Пестряну нам подарила бабушка по случаю приезда, а звали ее так за пестрый, как несложно догадаться, черно-белый окрас. Такая корова во всей деревне, включая колхозное стадо, была одна...
Ввиду того, что крупный рогатый скот не отличается особенной сообразительностью, нам, то есть детям, полагалось в числе прочих обязанностей встречать нашу Пестряну с пастбища. Необходимо это было потому, что вовремя не отогнанные домой коровы норовили свернуть то к заброшенному яблоневому саду, то на клеверное поле деда Коли, где наедались (а сытости они не понимают от слова вообще) от пуза, что грозило самыми печальными, вплоть до летального исхода, последствиями.

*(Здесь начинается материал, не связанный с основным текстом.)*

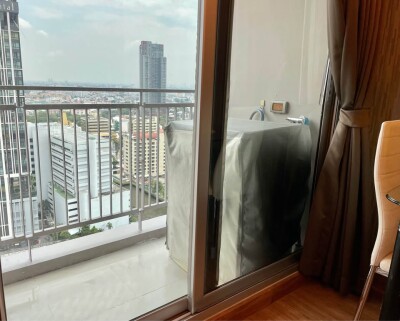 ทรู ทองหล่อ / Thru Thonglor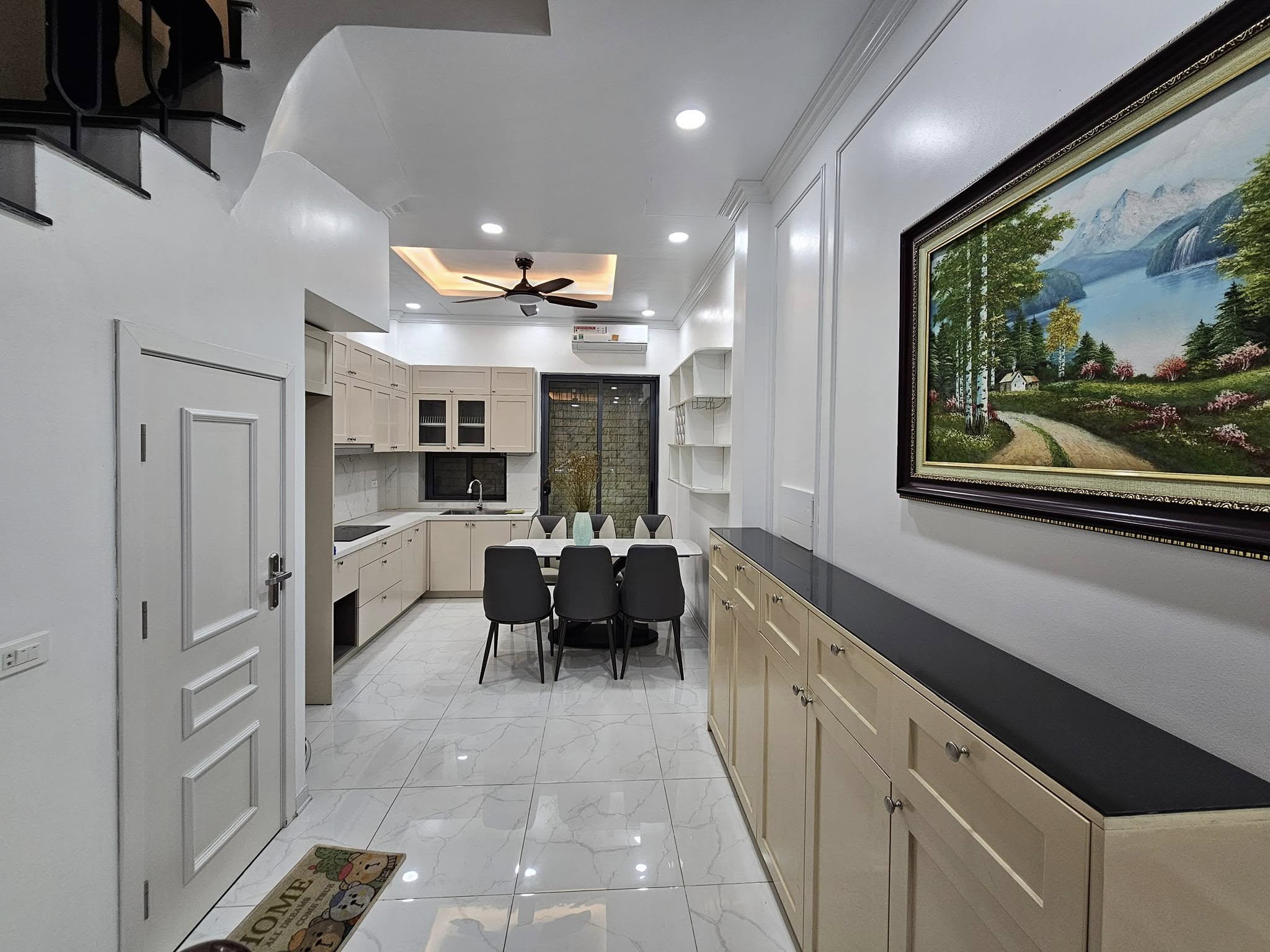 Bán nhà phân lô phố Ngọc Lâm, 5 tầng, DT 46m2, MT 3.6m, 4PN, full nội thất, ĐÃ BÁN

Встречать кормилицу мы вышли вдвоем с братом. Мне на ту пору было лет девять, ему - на полтора года меньше.
Просто стоять и ждать у выгона среди сплетничающих бабулек было невыносимо скучно, поэтому брат мой с такими же мальчишками удрал играть в футбол куда-то вдоль улицы, а я и моя одноклассница сели в тени под деревом и раскинули карты "в дурачка".
Когда пастухи пригнали скот с поля, партия была еще не доиграна. Взглядом выцепив в черном море спин одну чёрно-белую, я проследила, в какую сторону она движется, боковым зрением отметила несущуюся следом ватагу пацанов с мячом, и решила, что все в порядке, и можно далее не отвлекаться.

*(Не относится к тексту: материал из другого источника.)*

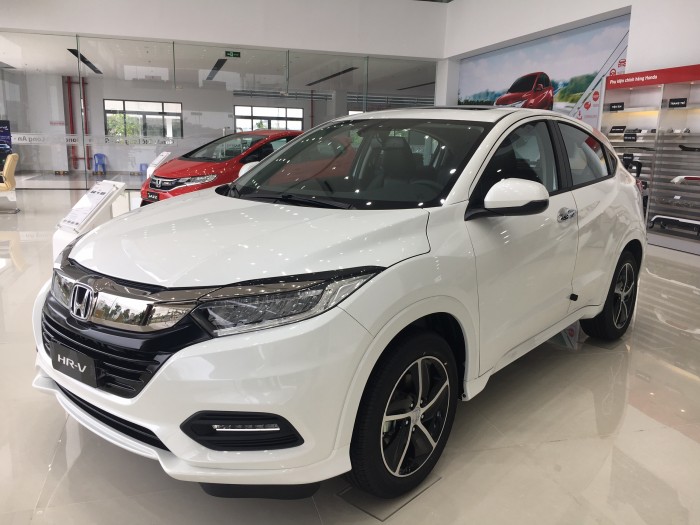 Honda HR-V 1.8 L màu Trắng giao ngay tháng 11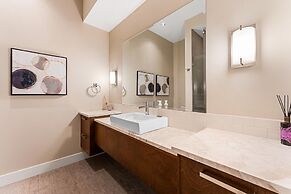 Lakeview Luxury Home in Vineyard w Infinity Pool hot tub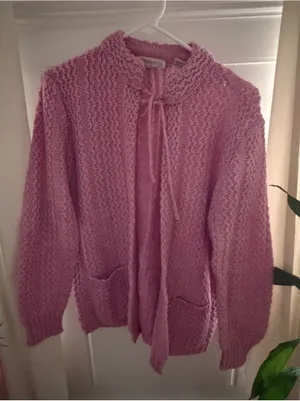 Fantastic Pink Cardigan Sweater Size M thumbnail 1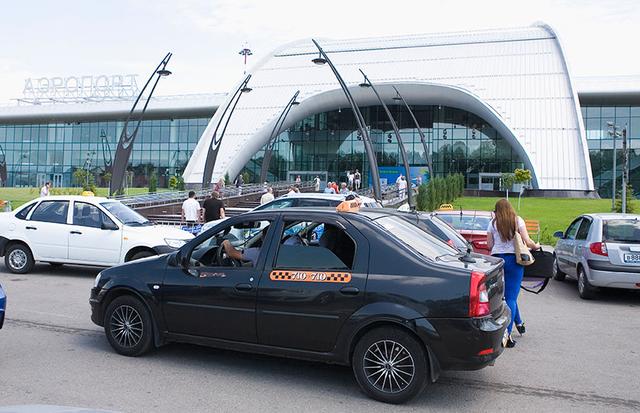 Суд признал управляющую аэропортом Белгорода компанию банкротом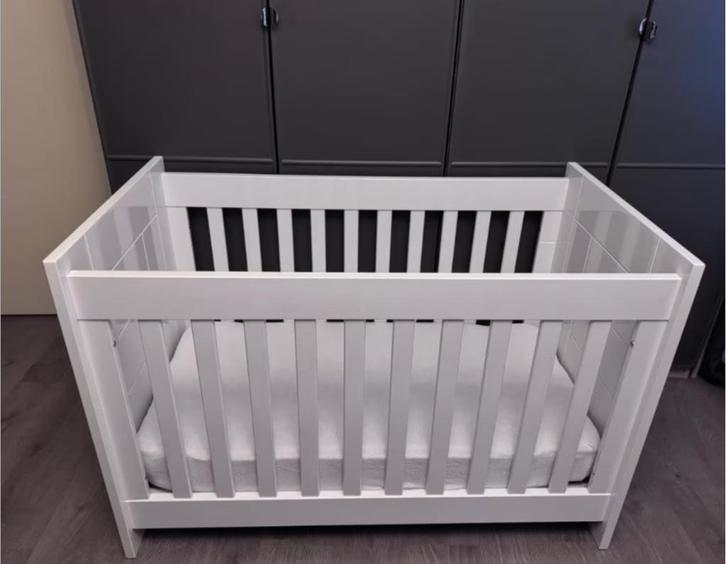 Bopita ledikant en commode +verschoonverkleiner, Kinderen en Baby's, Babywiegjes en Ledikanten, Gebruikt, Ledikant, Ophalen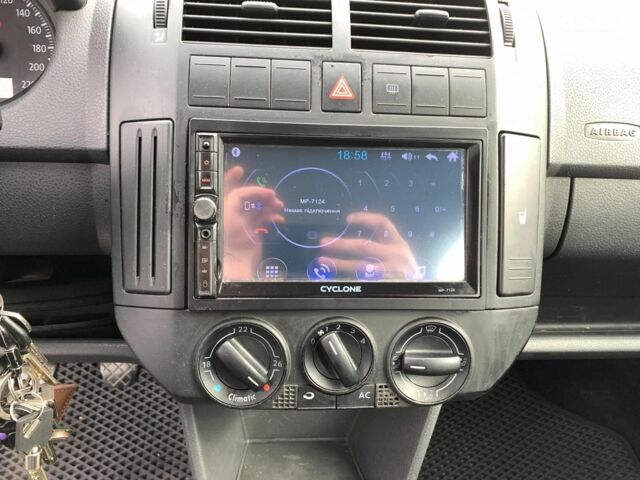 Серый Фольксваген Поло, объемом двигателя 1.4 л и пробегом 257 тыс. км за 4790 $, фото 31 на Automoto.ua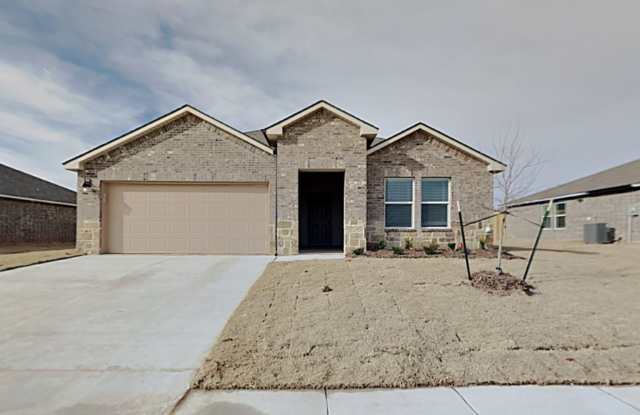 Very Nice 4 Bedroom 2 Bath Home in Yukon Schools With Storm Shelter photos photos Very Nice 4 Bedroom 2 Bath Home in Yukon Schools With Storm Shelter photos photos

Часа через два, когда я, наконец, добралась до дома, на пороге меня встречала мать... Взгляд ее не сулил ничего хорошего, а зажатый в руке веник обещал крепких трындюлей.
- Где Пестряна - обманчиво тихим голосом спросила меня она.
- Маааам! что сегодня на ужин? - крикнул врезавшийся мне спину брат и затих, ощутив слишком явное напряжение в воздухе.
- Ты разве не отвел корову домой? - обернувшись, спросила я у него и увидела, как его чистые голубые глаза превращаются два огромных, наполненных слезами блюдца.
- Я думал, ты ее отвела...
Мама плакала и лупила нас обоих одновременно. Мы уворачивались и визжали, пока вернувшийся с работы папа не спас нас от жестокого наказания, отправив в обход по деревне с поиском пропавшей беглянки. Впрочем, как мы ни старались, а найти ее не смогли.
На улице уже темнело, когда, понурив головы и почесывая синяки от веника на ногах и задницах, мы вернулись обратно.
- Не пришла? - с надеждой спросил брат. Папа лишь покачал головой. Мама по-прежнему плакала.
Юные и беззаботные, откуда мы могли знать, сколько значила для нас эта самая корова?! Богатая на молоко и здоровых, сильных телят, Пестряна была самой настоящей матушкой-кормилицей для всей нашей семьи. С деньгами в то время было совсем туго, но благодаря домашним сыру, творогу, сметане и мясу голодными мы не были настолько никогда, что даже не понимали всей величины и значимости своего счастья.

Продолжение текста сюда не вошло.